Bug #36681 Insufficient plans for huge tables
Submitted: 13 May 2008 8:11 Modified: 3 Oct 2009 18:50
Reporter: Yasufumi Kinoshita Email Updates:
Status: No Feedback Impact on me:
Category:MySQL Server: Optimizer Severity:S3 (Non-critical)
Version:5.0.54 OS:Any
Assigned to: CPU Architecture:Any
Tags: Contribution

[13 May 2008 8:11] Yasufumi Kinoshita
When we use huge tables bigger than main-memory,
sometimes MySQL chooses inefficient index or order of joining table
and the query spends very much time.

There seems to be the following factors.

Scanning based on secondary index is much more inefficient than other methods
when the necessary data blocks are not expected to be on memory (data cache, buffer pool).
(Because of increased possibility to read same data block several times by random access)
The cost of the off-memory scanning based on secondary index is not considered.
(ex. ha_innobase::read_time() )

If the range optimizer (opt_range.cc) decides not to use index, the number of estimated records
is discarded and the number of all records in the table instead in the after estimation.
So, the cost estimation of join after this table can be inaccurately high,
and the other insufficient plan can be chosen.

Even if we tune handler::read_time() to solve (1), there may be no effect without using the range optimizer.
Because handler::read_time() is not called from the other of the range optimizer.

The attached patch (Suggested fix) shows clear improvement on accuracy of plan for TPC-H queries.
The results of the improvement will be updated in these days.

How to repeat:
execute the each queries of TPC-H for larger SF(Scale factor) than main memory.

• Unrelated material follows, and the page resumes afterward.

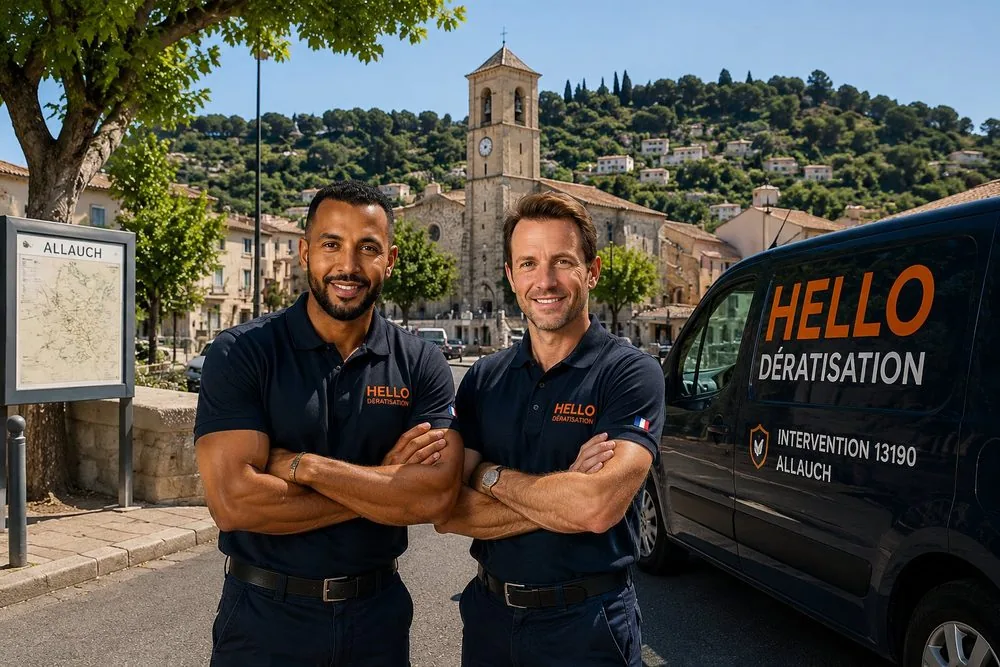 Medhi et Julien, fondateurs de Hello Dératisation, à Allauch — dératisation et nuisibles au Village, au Logis-Neuf et dans les collines du Garlaban (13190)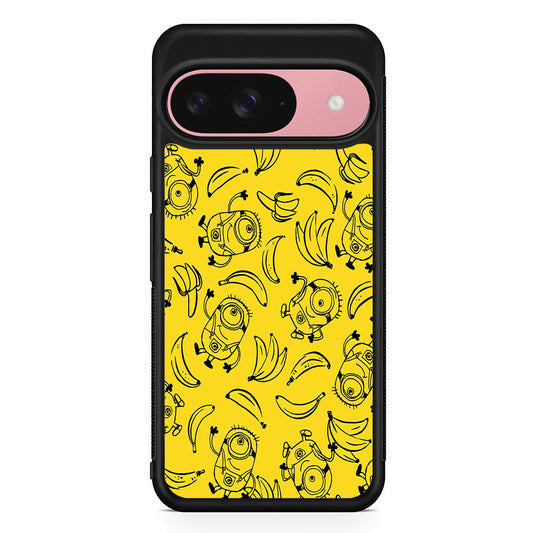 Minions and Banana Yellow Google Pixel 9 Case | Google Pixel 9 Protective Rubber Case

without any STRAIGHT_JOIN or [FORCE, IGNORE, USE] INDEX clauses.

ex. InnoDB

- index on lineitem (l_shipdate asc);
- index on orders (o_orderdate asc);

Suggested fix:
ex. mysql-5.0.54_fix_optimizer.patch

1. Tuning ha_innobase::read_time() (ha_innobase.cc)
      The cost of using secondary index is compensated.
      - if (table + index) > (buffer_pool/2)
      - if many rows are estimated

    -> For accurate choice of index

2. Reusing the number of estimated records at range optimizer (opt_range.cc, sql_select.cc)
      get_quick_record_count() returns the number of estimated records
      even if the index is not used.

    -> For accurate choice of first table

3. Using handler::read_time() at best_access_path() (sql_select.cc)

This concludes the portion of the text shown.